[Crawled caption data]
----------------

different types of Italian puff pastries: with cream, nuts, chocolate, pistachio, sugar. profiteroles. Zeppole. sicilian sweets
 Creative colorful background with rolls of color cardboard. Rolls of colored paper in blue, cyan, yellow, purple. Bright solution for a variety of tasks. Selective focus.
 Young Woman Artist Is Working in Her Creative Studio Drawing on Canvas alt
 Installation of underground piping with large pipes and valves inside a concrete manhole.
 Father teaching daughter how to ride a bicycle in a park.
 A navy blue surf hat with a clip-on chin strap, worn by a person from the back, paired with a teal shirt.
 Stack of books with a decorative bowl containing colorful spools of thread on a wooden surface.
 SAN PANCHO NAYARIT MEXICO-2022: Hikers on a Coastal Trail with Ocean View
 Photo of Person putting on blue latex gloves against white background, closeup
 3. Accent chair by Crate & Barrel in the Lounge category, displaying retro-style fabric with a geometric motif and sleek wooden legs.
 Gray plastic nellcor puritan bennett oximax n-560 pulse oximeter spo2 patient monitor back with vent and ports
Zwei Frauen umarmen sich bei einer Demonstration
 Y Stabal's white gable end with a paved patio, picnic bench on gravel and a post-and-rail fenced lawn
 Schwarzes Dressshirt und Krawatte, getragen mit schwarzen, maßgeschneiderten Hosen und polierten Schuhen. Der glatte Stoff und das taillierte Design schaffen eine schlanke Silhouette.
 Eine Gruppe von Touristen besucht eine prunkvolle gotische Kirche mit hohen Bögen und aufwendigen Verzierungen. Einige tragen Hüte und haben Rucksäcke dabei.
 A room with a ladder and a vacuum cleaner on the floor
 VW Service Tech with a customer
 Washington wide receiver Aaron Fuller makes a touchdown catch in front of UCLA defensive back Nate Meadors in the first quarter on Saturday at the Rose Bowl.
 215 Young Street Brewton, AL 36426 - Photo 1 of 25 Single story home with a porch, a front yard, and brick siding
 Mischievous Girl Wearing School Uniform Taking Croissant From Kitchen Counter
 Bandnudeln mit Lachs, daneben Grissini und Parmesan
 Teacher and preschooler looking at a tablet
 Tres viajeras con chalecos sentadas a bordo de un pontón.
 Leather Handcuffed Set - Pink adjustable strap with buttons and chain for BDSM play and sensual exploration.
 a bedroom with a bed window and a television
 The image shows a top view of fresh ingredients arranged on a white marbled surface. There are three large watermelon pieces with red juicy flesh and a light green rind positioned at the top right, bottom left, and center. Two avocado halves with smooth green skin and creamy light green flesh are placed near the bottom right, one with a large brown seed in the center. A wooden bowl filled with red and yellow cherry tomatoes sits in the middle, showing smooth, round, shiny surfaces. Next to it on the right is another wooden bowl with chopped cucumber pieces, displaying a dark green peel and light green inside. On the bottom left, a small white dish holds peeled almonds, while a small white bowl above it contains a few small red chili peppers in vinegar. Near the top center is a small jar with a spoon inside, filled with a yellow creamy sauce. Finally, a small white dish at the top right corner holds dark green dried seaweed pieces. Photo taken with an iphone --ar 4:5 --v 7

----------------

■ **What you will do**
Nothing but the lines from the start of the data through the line holding "Photo of Person" should be restated, and each one exactly.

■ **Answer area**
different types of Italian puff pastries: with cream, nuts, chocolate, pistachio, sugar. profiteroles. Zeppole. sicilian sweets
 Creative colorful background with rolls of color cardboard. Rolls of colored paper in blue, cyan, yellow, purple. Bright solution for a variety of tasks. Selective focus.
 Young Woman Artist Is Working in Her Creative Studio Drawing on Canvas alt
 Installation of underground piping with large pipes and valves inside a concrete manhole.
 Father teaching daughter how to ride a bicycle in a park.
 A navy blue surf hat with a clip-on chin strap, worn by a person from the back, paired with a teal shirt.
 Stack of books with a decorative bowl containing colorful spools of thread on a wooden surface.
 SAN PANCHO NAYARIT MEXICO-2022: Hikers on a Coastal Trail with Ocean View
 Photo of Person putting on blue latex gloves against white background, closeup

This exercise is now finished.